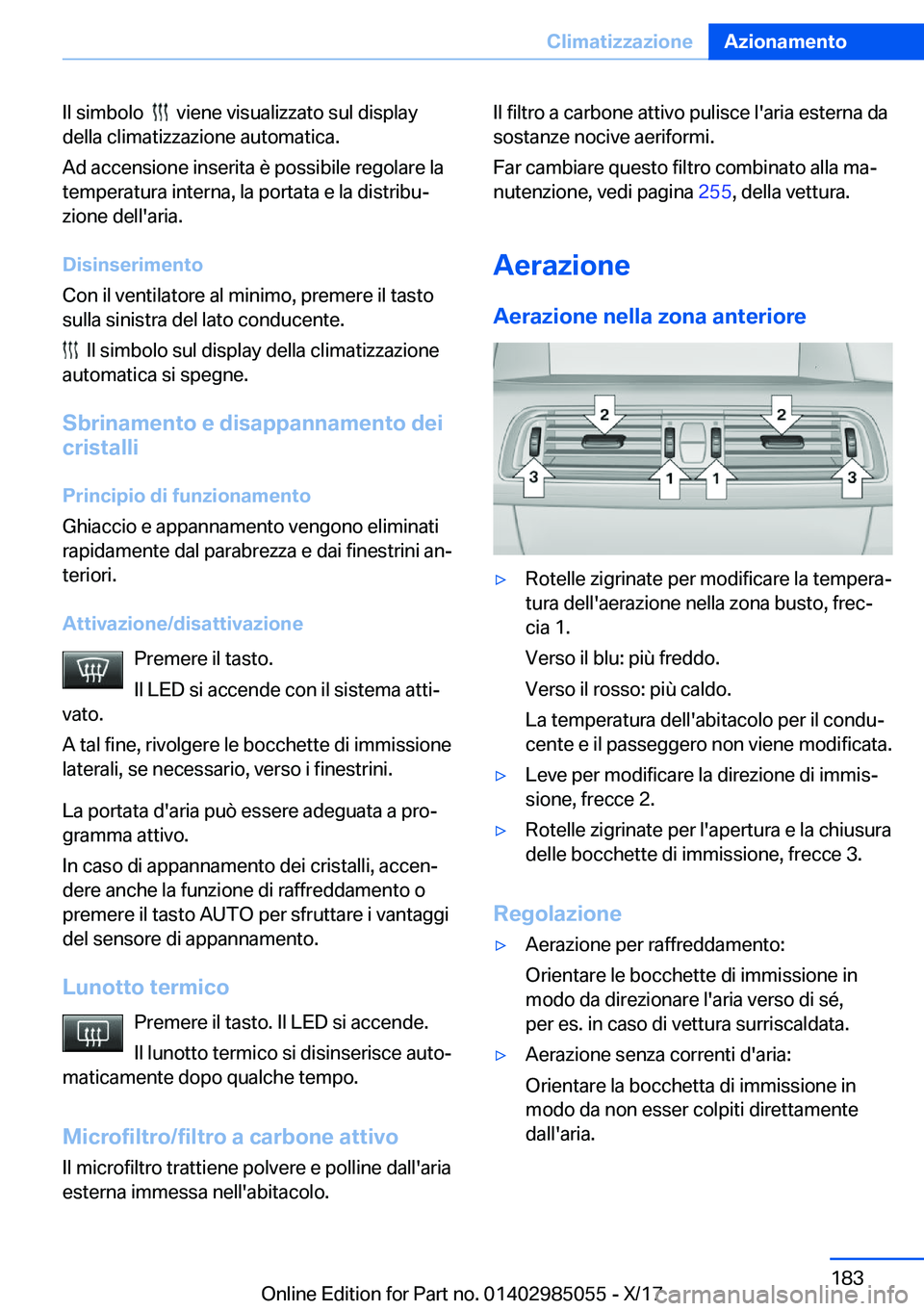 BMW X6 M 2018  Libretti Di Uso E manutenzione (in Italian) �I�l� �s�i�m�b�o�l�o� � � � �v�i�e�n�e� �v�i�s�u�a�l�i�z�z�a�t�o� �s�u�l� �d�i�s�p�l�a�y
�d�e�l�l�a� �c�l�i�m�a�t�i�z�z�a�z�i�o�n�e� �a�u�t�o�m�a�t�i�c�a�.
�A�d� �a�c�c�e�n�s�i�o�n�e� �i�n�s�e�r�i�t�a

— TASK BRIEF —
Pictures are to be left out; the listing above is otherwise to be copied exactly.

— REPLY —
 BMW X6 M 2018  Libretti Di Uso E manutenzione (in Italian) �I�l� �s�i�m�b�o�l�o� � � � �v�i�e�n�e� �v�i�s�u�a�l�i�z�z�a�t�o� �s�u�l� �d�i�s�p�l�a�y
�d�e�l�l�a� �c�l�i�m�a�t�i�z�z�a�z�i�o�n�e� �a�u�t�o�m�a�t�i�c�a�.
�A�d� �a�c�c�e�n�s�i�o�n�e� �i�n�s�e�r�i�t�a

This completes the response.